Assistant Professor, Germanic Studies in Central, Eastern, and Northern European Studies

Dr. Kyle Frackman’s teaching and research lie primarily in German studies, Scandinavian studies, and film studies.

Associate Professor, Department of Sociology
Faculty Affiliate, Peter Wall Institute for Advanced Studies

Dr. Amin Ghaziani is Associate Professor of Sociology at the University of British Columbia. He received his Ph.D. in sociology from Northwestern in 2006. Before joining the faculty at UBC, he was a postdoctoral fellow at the Princeton Society of Fellows. Ghaziani is a sociologist of sexualities with additional interests in culture, social movements, and cities.

Professor and Head, Department of English

Dr. Stephen Guy-Bray is Professor and Head of the Department of English. He specializes in Renaissance poetry and queer theory. He is the author of three monographs (most recently, Against Reproduction: Where Renaissance Texts Come From) and the co-editor of two collections of essays. Forthcoming are an edition of Christopher Marlowe’s Edward II and an essay on angel sex. He is currently working on a study of queer paraphrase.

First Nations Studies Chair
Professor, Department of English and First Nations Studies
Canada Research Chair in Indigenous Literature and Expressive Culture

Daniel Heath Justice is a Colorado-born Canadian citizen of the Cherokee Nation. Dr. Justice’s research and creative writing focus on indigenous literary studies, a field that seeks to document the aesthetic, social, historical, and intellectual contexts of indigenous North American literatures. He has also documented animal cultural histories, such as that of the badger, and the ways in which myths, legends, and spiritual beliefs about specific animals inspire representation, religion, and arts throughout human history.

Professor, Department of Sociology
Sociology Undergraduate Studies Committee Chair

Dr. Thomas Kemple is Professor in the Sociology Department at the University of British Columbia. His research focuses on the rhetorical, literary and deconstructive dimensions of classical sociological texts and contemporary cultural theory.
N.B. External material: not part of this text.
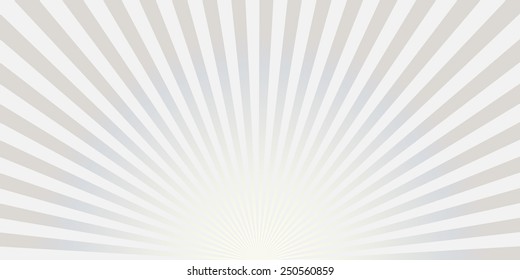 white background : half sunburst vector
Associate Professor, Faculty of Education, Department of Curriculum and Pedagogy

Dr. Loutzenheizer’s research interests are focused on the educational experiences of marginalized youth. This focus emanates from her teaching experience and research on youth in alternative educational settings. She combines a fascination with curriculum, queer /gender, and poststructural theories, as well as the intersections of race, gender, sexuality, etc. in schooling to look at the experiences of marginalized youth.

Dr. Lori MacIntosh received her Ph.D. in the Sociology of Education in 2013. She has been teaching in the Faculty of Education since 2009, and in Critical Studies in Sexuality since 2011. Lori also serves as an academic advisor in UBC’s Doctor, Patient and Society (DPAS) Undergraduate Medical Program. Her research interests include critical studies in gender and sexuality, queer theory, youth media studies, and the intersecting realms of social justice theory.

Assistant Professor, Department of English

Dr. Gregory Mackie is Assistant Professor in the Department of English. He has published several articles on Oscar Wilde, and is currently at work on a book project on Wilde and literary forgery. His research interests include aestheticism and decadence, queer drama and book history.